Ah, o Sul. Esse lugar de gente estranha, de influências em movimento e de um tipo de poder tão feroz que, nos seus momentos de máxima violência, deixa marcas tão profundas que quem parte fá-lo para nunca mais voltar. Ou, pelo menos, é essa a intenção. Earl Tubb deixou o Sul há quarenta anos e o regresso pretende ser apenas passageiro: esvaziar a casa do tio que se mudou para um lar e depois voltar para a sua vidinha bem longe dali. Só que... o Sul tem as suas manhas e, quando o caminho de Earl se cruza com o de um velho conhecido em sarilhos, ele não consegue resistir a tentar ajudar. O que, num cenário onde o poder se impõe pela força, talvez não seja a mais saudável das ideias...
Basta um olhar à capa, com os seus tons de vermelho e a sua imagem de violência anunciada, e uma breve leitura da sinopse para antever uma boa dose de sangue e de porrada. E, sim, também nesse sentido o livro corresponde às expectativas. Mas há algo mais e as surpresas começam desde muito cedo. O retrato do Sul cruel e impiedoso começa logo no prefácio, estranha declaração de amor-ódio ao Sul, e esse sentimento ambíguo prolonga-se para a própria história. Ou não fosse o protagonista um sulista que jurou nunca mais voltar... mas que, bem, está mesmo de volta.
O Sul desta série não é nitidamente um lugar muito civilizado e a forma como os autores retratam isto é bastante precisa. Afinal, há uma certa desolação que permeia tudo, desde os cenários propositadamente esbatidos às sombras da noite, onde tudo acontece, passando por um passado feito também de memórias vermelhas. Desolação e violência: talvez sejam estes os ingredientes centrais desta história. Mas o impacto... ah, bom. O impacto vem da complexidade que se esconde a cada canto.

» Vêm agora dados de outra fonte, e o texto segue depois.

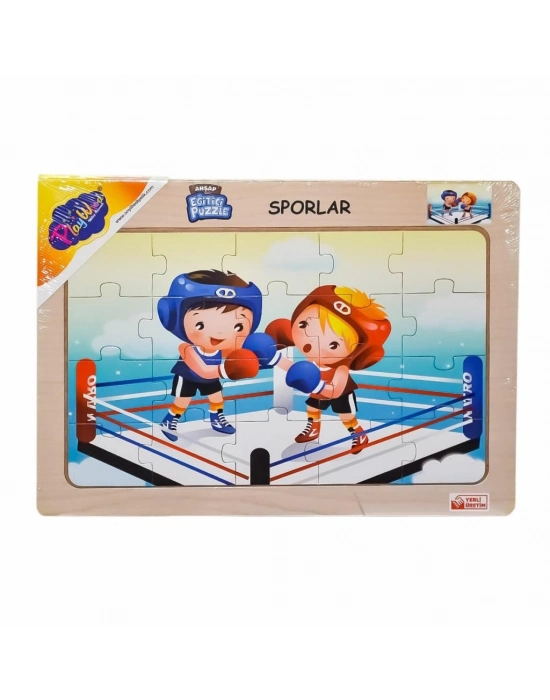 ® ONY-85-86-87-88 Ahşap Eğitici Puzzle Sporlar -Onyıl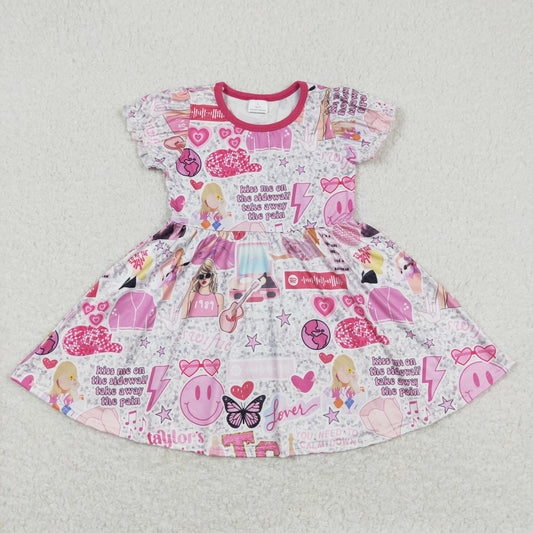 GSD0918 taylor swift silver short sleeve dress (6-12M-14/16t)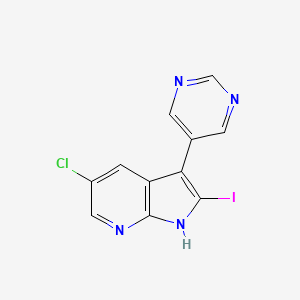 molecular formula C11H6ClIN4 B12521880 1H-Pyrrolo[2,3-b]pyridine, 5-chloro-2-iodo-3-(5-pyrimidinyl)- 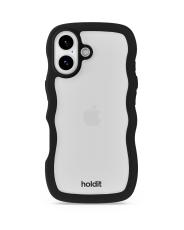 holdit iPhone 17 Mobilskal Wavy Black/Transparent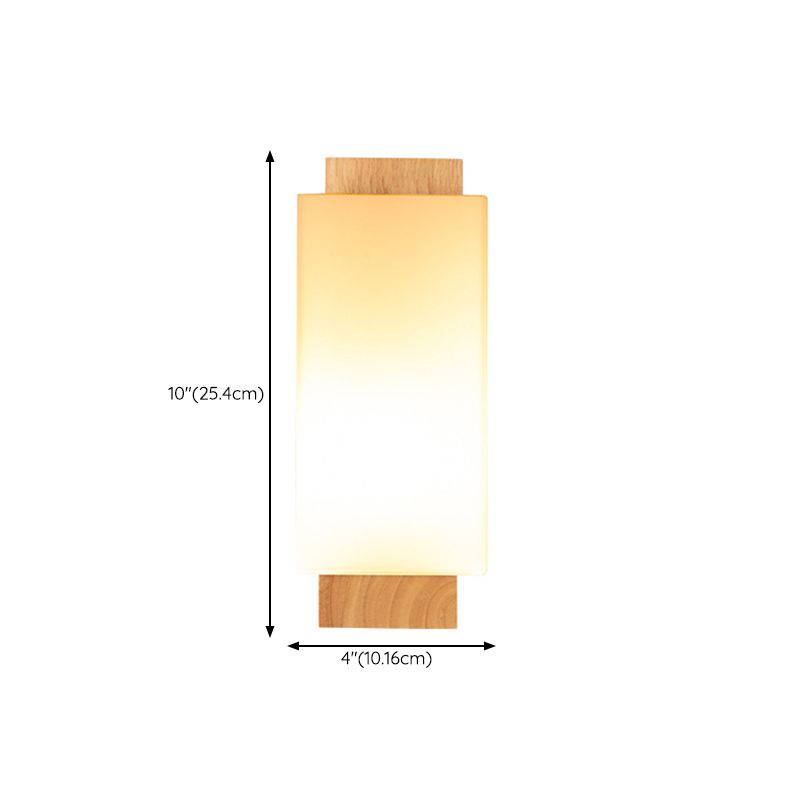 Modern Wood Wall Sconce Rectangle Shape Vanity Lamp with Glass Shade for Bathroom
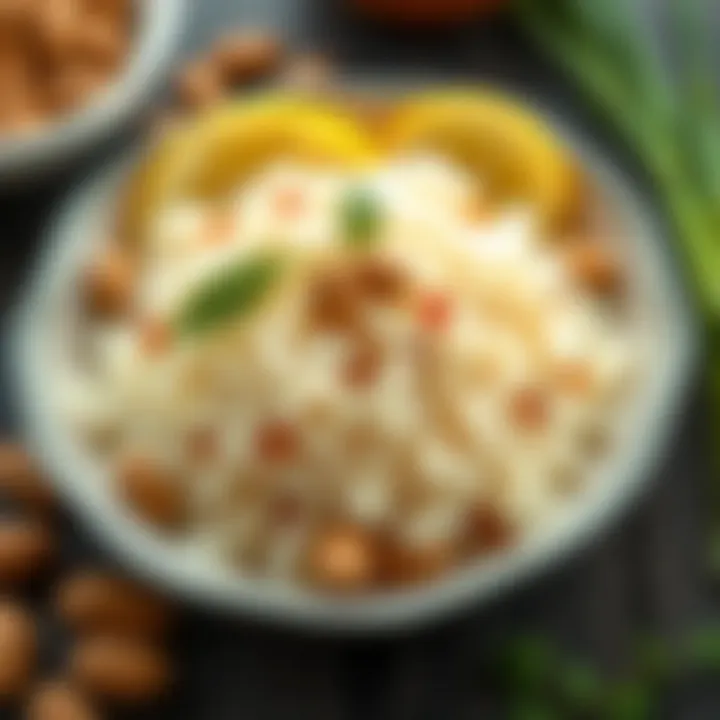 A beautifully arranged plate featuring rice and peanuts in a dish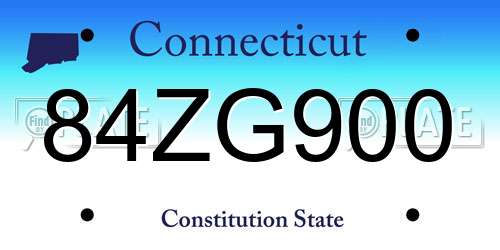 84ZG900 Connecticut License Plate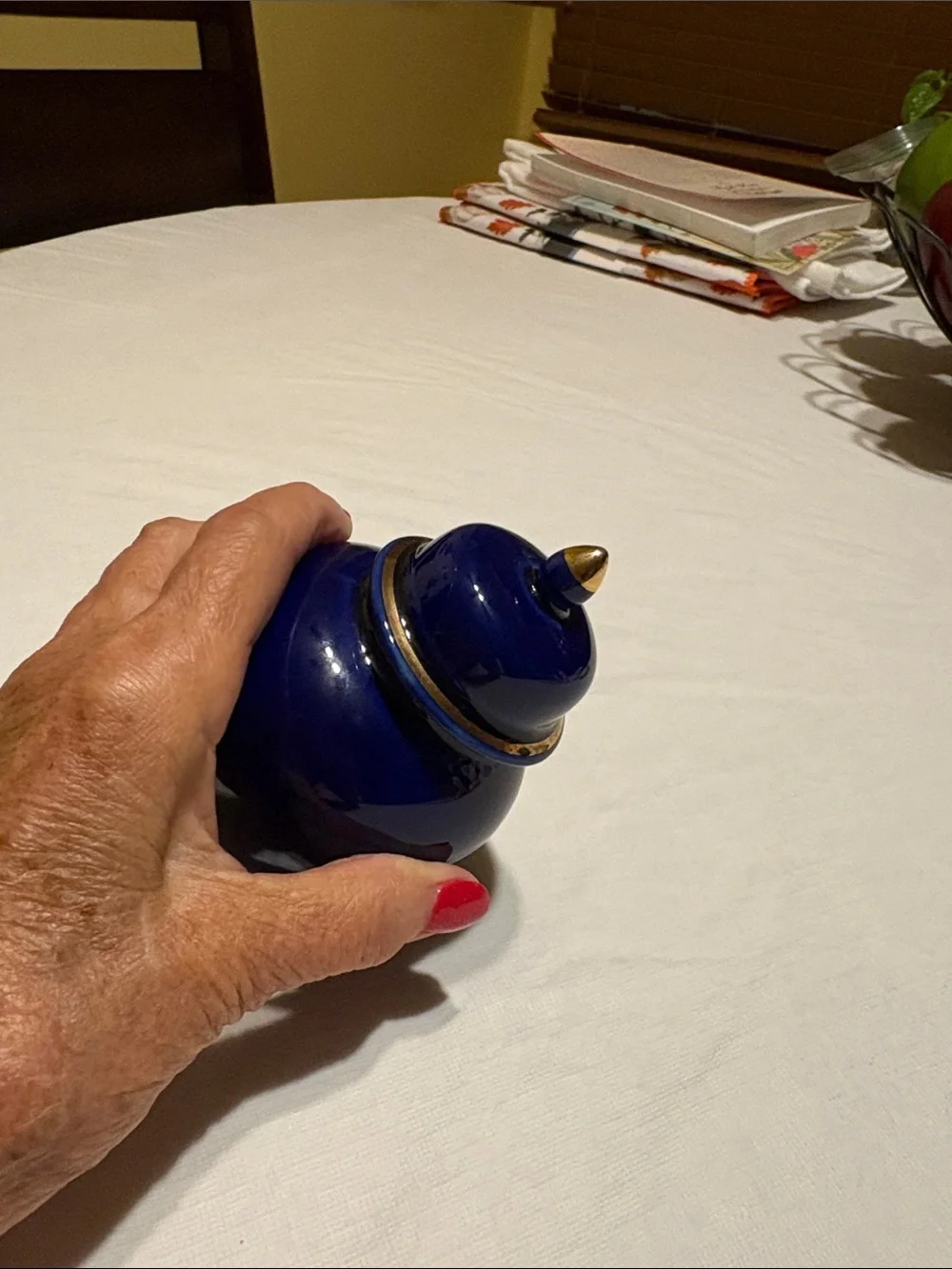 Cobalt Blue Porcelain Lidded Vase with Gold and Floral Motif
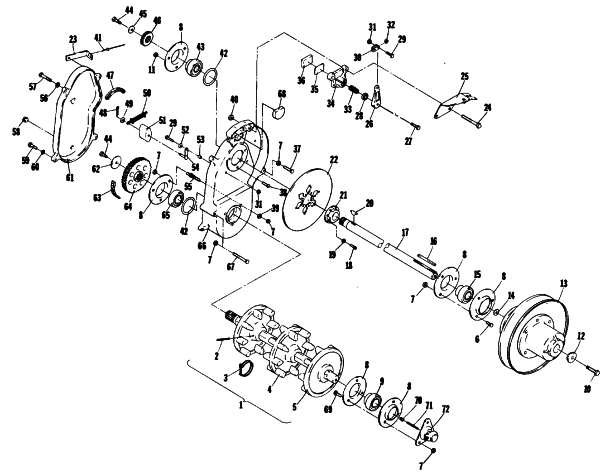 Parts Diagram for Arctic Cat 1981 TRAIL CAT SNOWMOBILE DRIVE TRAIN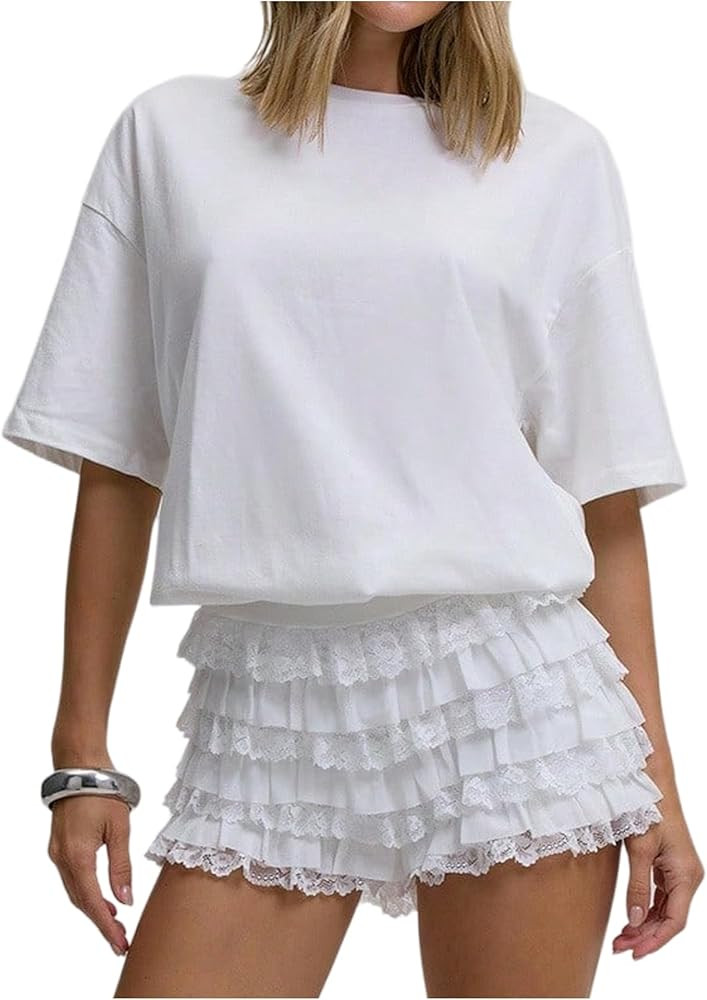 MakeMeChic Women's Floral Lace Ruffle Mini Shorts Mesh Layered Cute Y2k Bloomer Shorts | Amazon (US)
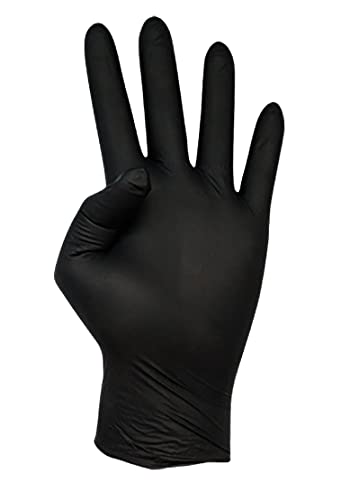 Bayeco - Guantes de un solo uso de Nitrilo - Color Negro - Ambidiestros - Dedos texturizados para mejor agarre - Terminación bordillo enrollado - Pack dispensador de 20 unidades - Talla M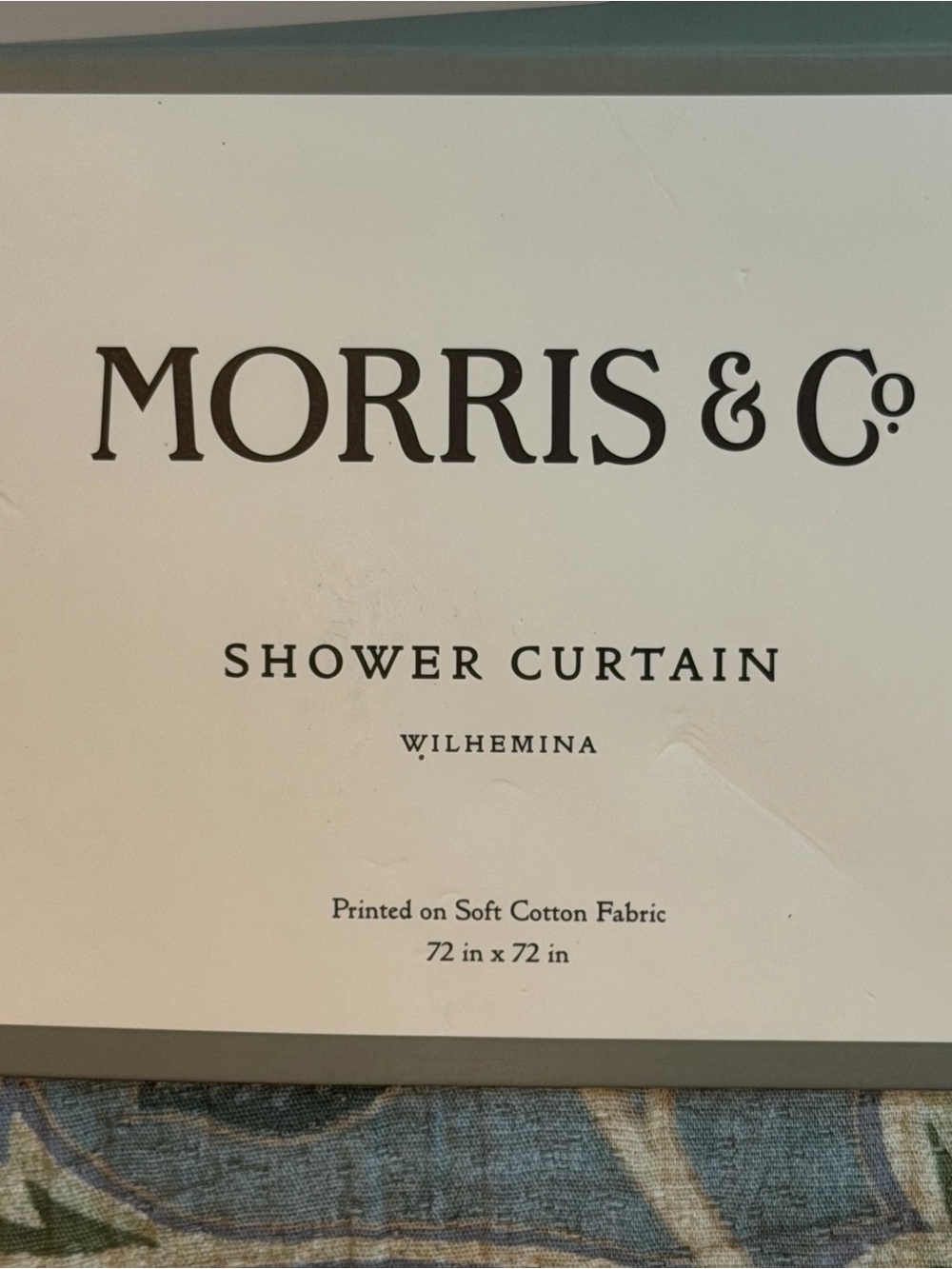 Morris & Co. NWT Beautiful Wilhelmina Floral Shower Curtain Teal & Red 72” x 72” - Picture 4 of 7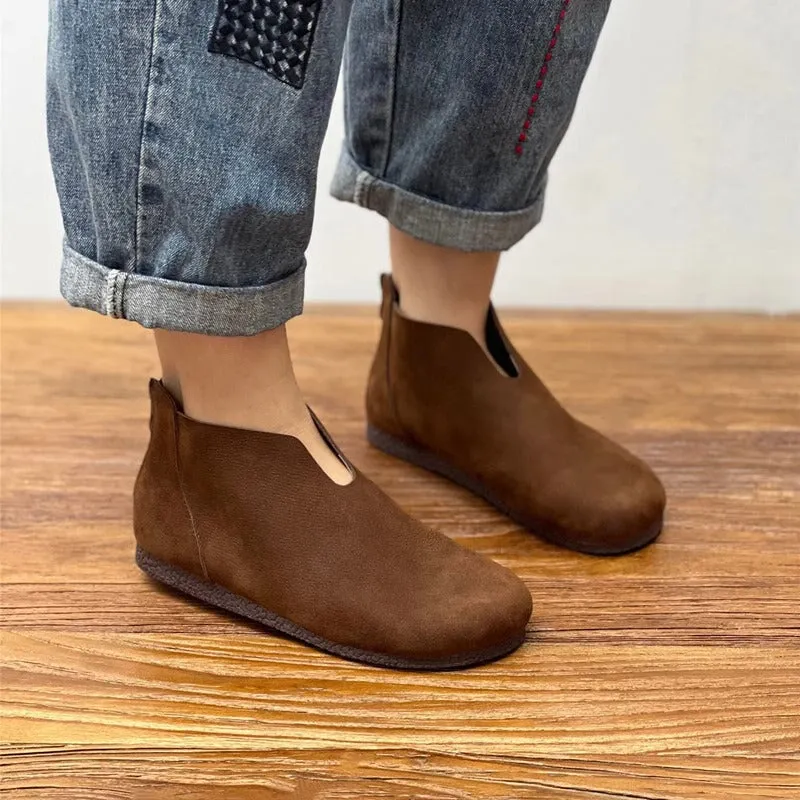 Zero Drop Soft Leather Barefoot Ankle Boots For Women Back Zip In Coffee/Grey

E a maior complexidade está mesmo em Earl Tubb, embora o estranho regime instalado na sua terra natal tenha também as suas estranhas e tenebrosas complexidades. Mas Earl, o homem que partiu para nunca mais regressar, movido por uma aversão tão profunda que o levou a celebrar a morte do próprio pai... mas que se transformou num reflexo do seu próprio passado. Earl Tubb, que não veio para fazer frente ao poder instituído, mas que... não consegue evitar. Que quer recuar mas não pode, pois é, também, em certa medida, o herdeiro de um legado moral que nunca quis... Earl Tubb é a verdadeira alma do início desta estranha e implacável história. E é talvez também isto que faz com que a forma como este primeiro volume termina seja algo de tão devastador. Porque há uma leve esperança que se manifesta - o tipo de esperança que não pode ser permitido naquele tipo de local.
Escusado será dizer que tudo fica em aberto, mas não é de curiosidade insatisfeita a sensação que fica ao chegar ao fim. Não. Tudo o que tinha de acontecer aqui, aconteceu de facto. O que vier a seguir será uma nova fase. E por isso, não é curiosidade insatisfeita, é vontade de continuar. E de continuar o mais cedo possível.
Intenso, complexo e implacável, trata-se, pois, de um início notável para uma série que promete ainda muito mais. Cheio de crueldade, mas permeado de meticulosos rasgos de emoção, um livro que se entranha na memória com a mesma tenacidade do seu protagonista. Muito bom.